Today I’m sharing some insight from the Writer’s Almanac. Enjoy
Today in 1879, the world premiere of Henrik Ibsen‘s play A Doll’s House took place at the Royal Theatre in Copenhagen, Denmark (books by this author). When the play opened, the cast had only rehearsed together 11 times, including the dress rehearsal. There was a director, but he didn’t give much guidance to the actors about how they should approach their characters. The stage set from Ibsen’s play The Pillars of Society (1877) was still hanging around the theater, so the production used the same set for A Doll’s House.
The print version of A Doll’s House was published a couple of weeks before the stage premiere, so most of the critics had already read it. The play was hugely controversial because of its ending: the main character, Nora, walks out on her family, leaving behind her husband and three young children.

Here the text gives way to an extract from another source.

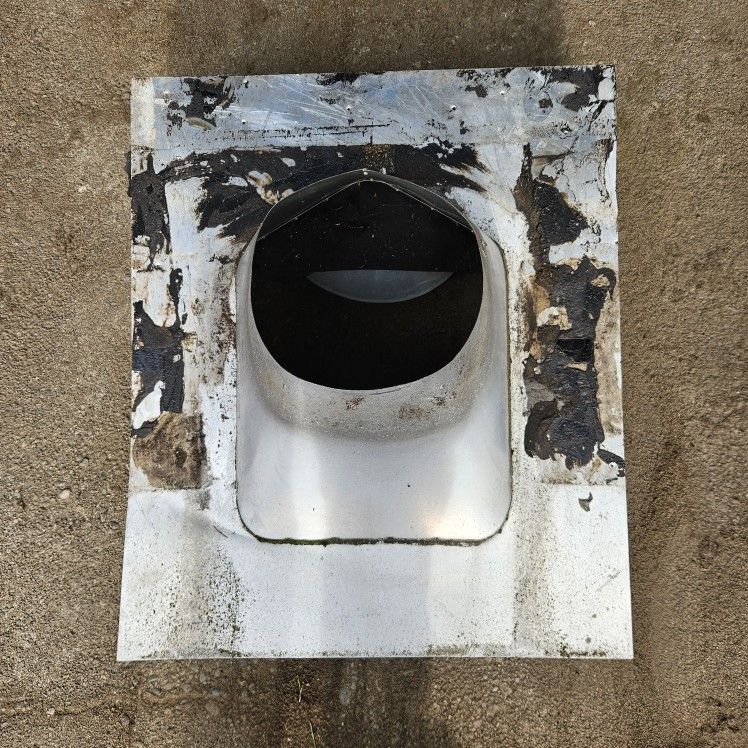 Chimmey Boot 6" Triple Wall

When A Doll’s House was first produced in Germany a year later, the lead actress, Hedwig Niemann-Raabe, refused to act the final scene, claiming that she would never leave her own children. She insisted on a new ending. There were no sufficient copyright laws to protect A Doll’s House from being rewritten by someone else, so Ibsen finally agreed to write a new ending, rather than have someone else butcher it. In the new version, Nora is overcome with emotion when her husband shows her the door to the nursery, and she sinks down on her knees and doesn’t leave. Ibsen hated the alternative ending, calling it “a barbaric outrage.”